Divergent and Convergent thinking in BDD
According to E. F. Schumacher, there are only two kinds of problems in the world:
- divergent problems
- convergent problems
Choosing a new car is a convergent problem. You only need one new car. There are lots of options, and the solution is to whittle down those options until you've found one that meets your needs. Once you're there, problem solved.
If you've never bough a car before, you'll need to research all the different options available. You might also want to consider alternative modes of transport - why do you even need a car? Could you make do with a bicycle or public transport? This is an example of divergent thinking
Notice how I need both types of thinking at the appropriate stage: First I generate options with divergent thinking, then I narrow them down with convergent thinking. If I apply the divergent mindset to the problem for too long, I would become overwhelmed by choices, and might never actually solve my problem. If I approached the problem with a convergent mindset from the beginning, I might miss out on considering valuable alternatives.
On final day of CukeUp NYC this year, Paul Rayner ran an excellent morning workshop that focussed on using BDD to explore and discover hidden requirements. In the afternoon, George Dinwiddie and I ran a session on distilling the essence of scenarios.
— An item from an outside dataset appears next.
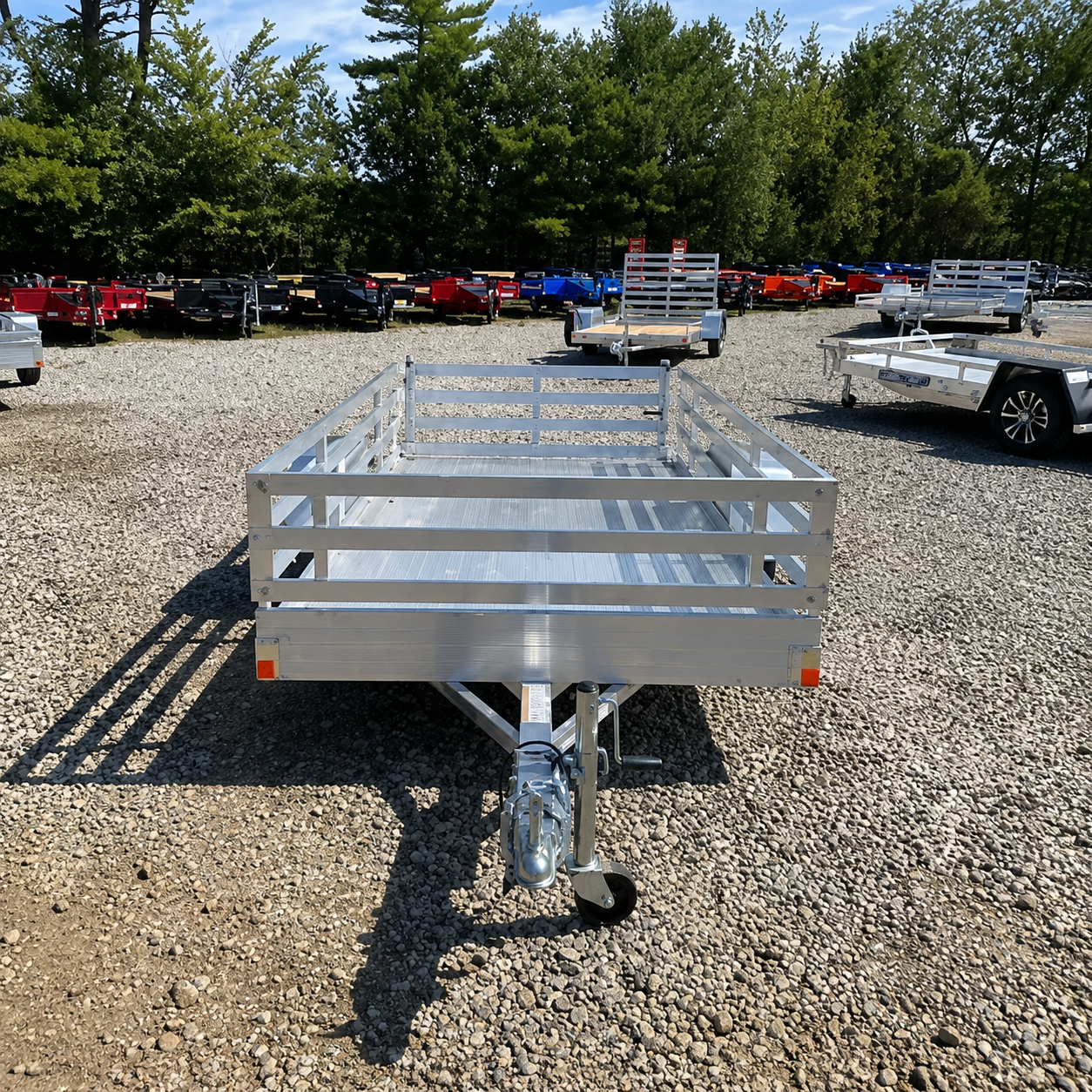 63A.png Bear Track 5,5 × 10 Aluminium-Hochlader 2.2K mit 3-Schienen-Kit (Modell 2026) – Image 1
What struck me was how these two sessions perfectly encompassed these two modes of thought, and how both are neccesary to do BDD.
Exploration by Example
First, with your divergent mindset, you collaboratively explore the problem domain with concrete examples. You're trying to discover as much as you can about your assumptions and lack of knowledge: your ignorance. Being very concrete is vital at this stage: who the user is, what they're doing at the time, even how old they are, or whether they're in a hurry. These kinds of details can all help you to visualise the scenario, and that in turn helps you to see other scenarios.
At this stage, Liz's context and outcome questions can also help to discover new scenarios:
"Is there any other context which, when this event happens, will produce a different outcome?"
We can also find missing details in the existing scenarios:
"Given this context, when this event happens, is there another outcome that's important? Something we missed, perhaps?"
At this stage, I'll most likely be working with pieces of paper or a whiteboard, trying to keep the process very lightweight and let the ideas flow.
Converge on a specification
Once you have one or more very concrete examples, and you've decided you want to implement the behaviour they describe, you switch into the convergent mindset. Now your task is to find the most concise way to describe this behaviour without losing its essence. Why? Being concise is important for long-term value. A scenario with too much detail can be hard to change and brittle, but also confusing for the reader. Details that once helped you to imagine yourself in the user's shoes now become distracting clutter.
It's time to look for rules that underly the examples you've been discussing, and to find the best choice of words to describe your understanding of the problem domain.
It's also time to choose whether each example needs to remain documented in Gherkin, or whether it would be better moved down the pyramid to a unit test.
Both modes matter
I need both modes of thought to do BDD: divergent thinking to explore the problem and discover scenarios, then convergent thinking to turn those examples into an executable specification.